▶ Provided data:
^^^^^^^^

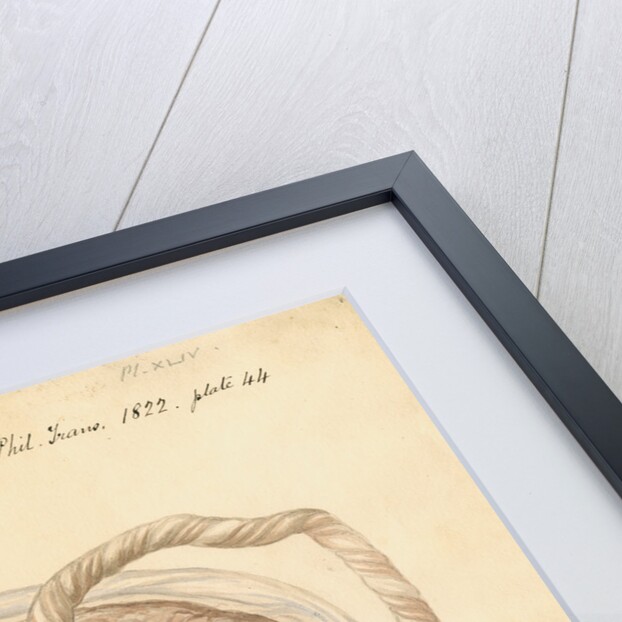 Monkey placenta by William Clift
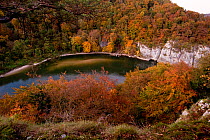 Autumn colour in the Danube Gorge. Weltenburger Enge nature reserve near Kelheim, Bavaria, Germany, October 2010.
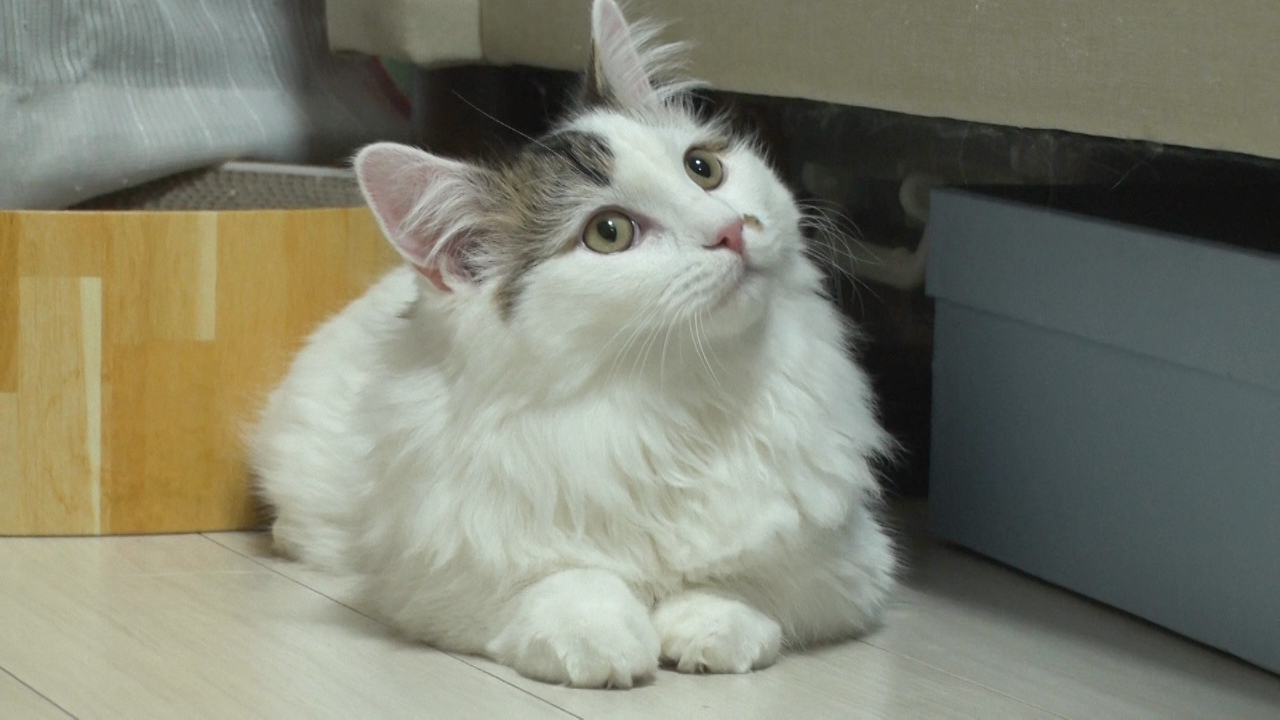 ねこ自慢 3月5日(水)放送分 阿佐ヶ谷姉妹が初登場！ネコの友達は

^^^^^^^^

▶ Task to carry out: Restate the material above exactly. Exclude all pictures.

▶ Expected answer:
 Monkey placenta by William Clift
 Autumn colour in the Danube Gorge. Weltenburger Enge nature reserve near Kelheim, Bavaria, Germany, October 2010.
 ねこ自慢 3月5日(水)放送分 阿佐ヶ谷姉妹が初登場！ネコの友達は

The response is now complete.